Thursday, June 05, 2003

Also, I am still plodding away at my Life of Zanabazar, although usually I give up writing for the summer when the temperature hits 80ºF like it did the other day. Anyhow, here is a photo of Zanabazar’s retreat and workshop in Ovorkhangai Aimag where he created many of his world-famous art works.

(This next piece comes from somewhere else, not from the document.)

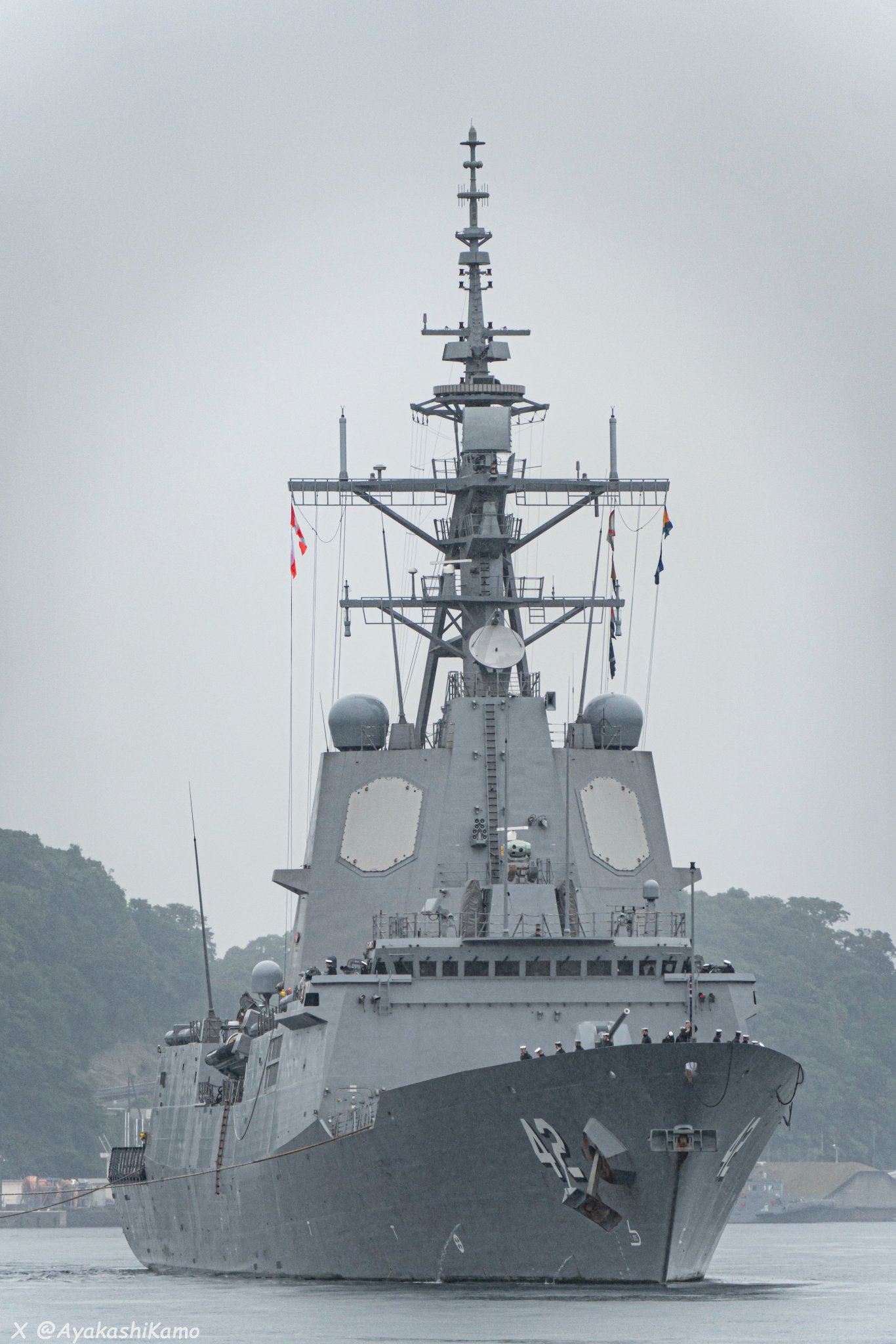 Gse8lKrbwAAm_Aq.jpg:large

So what am I reading now, you have no doubt been wondering. Actually I am on a Crusades kick, the eleventh and twelfth century Crusades, not the current one, although what happened in the first series of Crusades provides a lot of food of thought on the latest sally by George “Hulegu” Bush. The classic work on the Crusades is A History of the Crusades: Volume 1, The First Crusade and the Foundation of the Kingdom of Jerusalem by Steven Runciman. For another viewpoint see The Crusades Through Arab Eyes by my man Amin Maalouf, currently my favorite writer (more on him later). The parallels between the former Crusades and the Bush Crusade are astounding. We have the same conflicts between the Shiites and the Sunni, the same double deals with Moslem generals selling out their leaders, the same terrorist threat (Hassan Sabbah and the Assassins then, Osama bin Laden and al Qaeda now); the same die-hard fundamentalists and scumbag opportunists on both sides then as now; in short, nothing whatsoever has changed, except perhaps that now there are lots of Moslem blog sites. Back in the twelfth century they used carrier pigeons. The mid-East Moslems, if I am not mistaken, invented the use of carrier pigeons. (I am sure some carrier pigeon expert – I know you're out there - will soon be firing off emails to correct me on this.)